Dans son évaluation stratégique, il a soutenu que l'opération "devenait nécessaire" tôt ou tard.

« Dans un an, l'Iran aurait franchi la ligne de l'immunité et disposerait de missiles de courte portée et de tant de drones que personne n'aurait pu agir car ils auraient pris le monde en otage », a-t-il affirmé.

Débat politique à Washington

L'offensive a suscité de vives critiques parmi les législateurs démocrates, qui remettent en question à la fois la thèse de la menace imminente et la décision de ne pas demander une autorisation formelle du Congrès.

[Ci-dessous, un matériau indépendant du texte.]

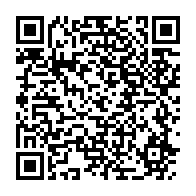 qrcode:https://www.infos.ga/ebola-des-vaccins-testes-grandeur-nature-contre-la-pandemie-au,750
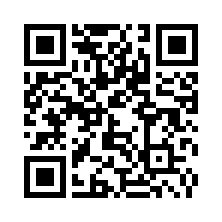 QR Code for 1Ehxpx1S4PsmXRdjKyf5qdzaMm6YoNTiKb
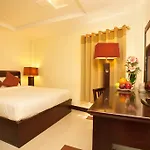 Lien An Sai Gon Hotel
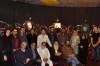 فیلم نمایش «پهلوان مفرد قلندر» در بافق اکران شد 3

Le sénateur Mark Warner, membre du Comité du renseignement, a déclaré que, selon les informations disponibles, « il n'y avait aucune menace imminente pour les États-Unis », et a soutenu que le président doit justifier pourquoi il était « si crucial » de déclencher une guerre de son propre chef.

Rubio, pour sa part, a nié que le changement de régime soit l'objectif déclaré de Washington, bien que les attaques américaines et israéliennes aient éliminé des figures clés du leadership iranien.

« Bien que nous aimerions voir un nouveau régime, la conclusion est que, peu importe qui gouverne ce pays dans un an, ils n'auront pas ces missiles balistiques ni ces drones pour nous menacer. C'est l'objectif de cette mission », a-t-il souligné.

Il a également reconnu qu'il n'existe actuellement aucun échange diplomatique avec Téhéran et n'a pas exclu des scénarios d'escalade plus importants, bien qu'il ait minimisé la possibilité immédiate d'une invasion terrestre.

Mientras tanto, le président Donald Trump a défendu l'offensive comme étant “notre dernière et meilleure opportunité pour attaquer (…) et éliminer les menaces intolérables que pose ce régime malade et sinistre”, ajoutant que les opérations militaires avancent plus rapidement que prévu.

Le débat sur les limites du pouvoir présidentiel en temps de guerre revient ainsi au centre de la politique américaine, avec une administration qui revendique avoir agi dans le cadre légal et une opposition qui exige des explications plus détaillées sur l'urgence et la constitutionnalité de la décision.